Data section START

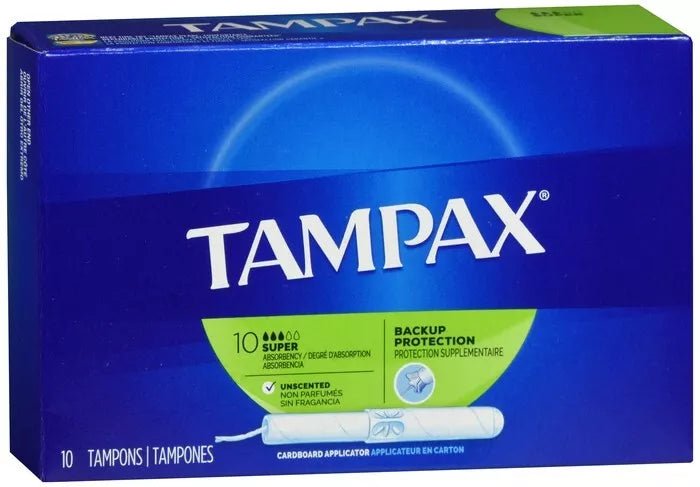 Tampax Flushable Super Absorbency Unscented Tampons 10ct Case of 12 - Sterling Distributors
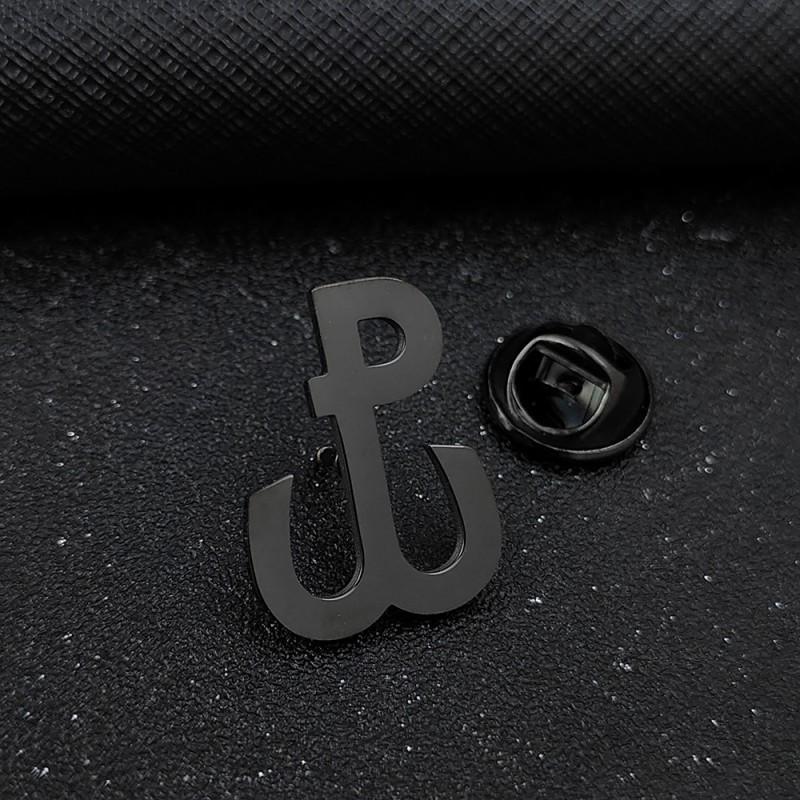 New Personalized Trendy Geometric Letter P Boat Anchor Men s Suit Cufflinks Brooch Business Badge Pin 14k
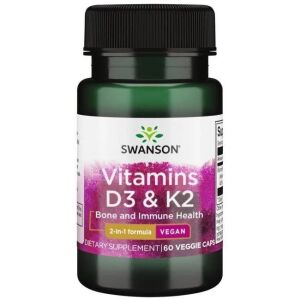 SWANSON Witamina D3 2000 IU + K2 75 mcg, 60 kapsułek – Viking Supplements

Data section END

→ **Assigned task**:
Retype the lines above exactly, no pictures.

→ **Result of the task**:
 Tampax Flushable Super Absorbency Unscented Tampons 10ct Case of 12 - Sterling Distributors
 New Personalized Trendy Geometric Letter P Boat Anchor Men s Suit Cufflinks Brooch Business Badge Pin 14k
 SWANSON Witamina D3 2000 IU + K2 75 mcg, 60 kapsułek – Viking Supplements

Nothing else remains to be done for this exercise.